What are terrorism, extremism and radicalisation?

The current UK definition of terrorism is given in the Terrorism Act 2000. This defines terrorism as an action that endangers or causes serious violence to a person/people; causes serious damage to property; or seriously interferes or disrupts an electronic system. The use or threat must be designed to influence the government or to intimidate the public and is made for the purpose of advancing a political, religious or ideological cause.

Extremism is the vocal or active opposition to fundamental British values, including democracy, the rule of law, individual liberty and mutual respect and tolerance of different faiths and beliefs. This also includes calls for the death of members of our armed forces, whether in this country or overseas.

Radicalisation is the process by which a person comes to support terrorism and forms of extremism leading to terrorism.

What makes a person vulnerable to radicalisation?

There is no single profile of a person likely to become involved in extremism, and the process of radicalisation is different for every individual. Radicalisers use normal social processes such as loyalty, self-perception, and fear of exclusion to influence their targets; it is not simply people with low intelligence or from deprived backgrounds who are susceptible as it is often tempting to assume.

What are the indicators of vulnerability to radicalisation?

Safeguarding children and young people from radicalisation is no different from safeguarding them from other forms of harm and is something you can do with no additional training, simply trusting your judgement and using your existing professional knowledge.

Indicators for vulnerability to radicalisation are the same as those you are already familiar with: family tensions, sense of isolation, migration and distance from cultural heritage, experience of racism or discrimination, feeling of failure etc. Those in the process of being radicalised may become involved with a new group of friends, search for answers to questions about identity, faith and belonging, possess violent extremist literature or advocate violence actions, change their behaviour and language, seek to recruit others to an extremist ideology. It is vital to note that children and young people experiencing these situations or displaying these behaviours are not necessarily showing signs of being radicalised. There could be many other reasons for the behaviour including those you are already familiar with – alcohol or drug abuse, family break down, domestic abuse, bullying etc or even something more minor.

Why is it important to act early?

When we think of terrorism we tend to think of 9/11, 7/7 and bombs going off. However this is only the result of terrorism, resulting from months or years of recruitment, radicalisation and advance planning. These hidden early aspects of terrorism can and do happen anywhere.

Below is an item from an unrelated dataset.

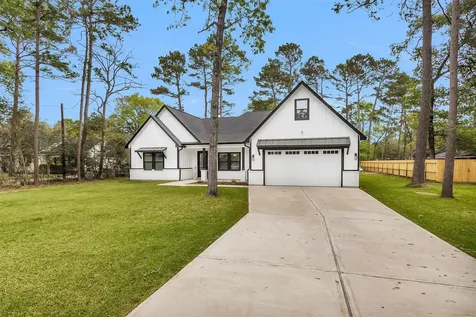 22718 Desert Willow Drive Magnolia TX 77355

What do I do if I suspect a child or young person is becoming radicalised or involved in extremism?

You should refer your concerns using the Channel referral form, remembering to follow your standard organisational safeguarding policy (such as informing your manager).

Cleveland Police will carry out an initial assessment and, if appropriate, set up a multi-agency meeting to agree actions for supporting the individual. If it is deemed that no there are no concerns about radicalisation, support will be arranged for the individual through other means such as a Single Assessment, or through social care or another organisation.

Remember that any information you give to the Police at this stage will be investigated in the pre-criminal arena; it does not assume that any criminal activity has taken place and the Police will be looking to support and guide rather than to criminalise and arrest.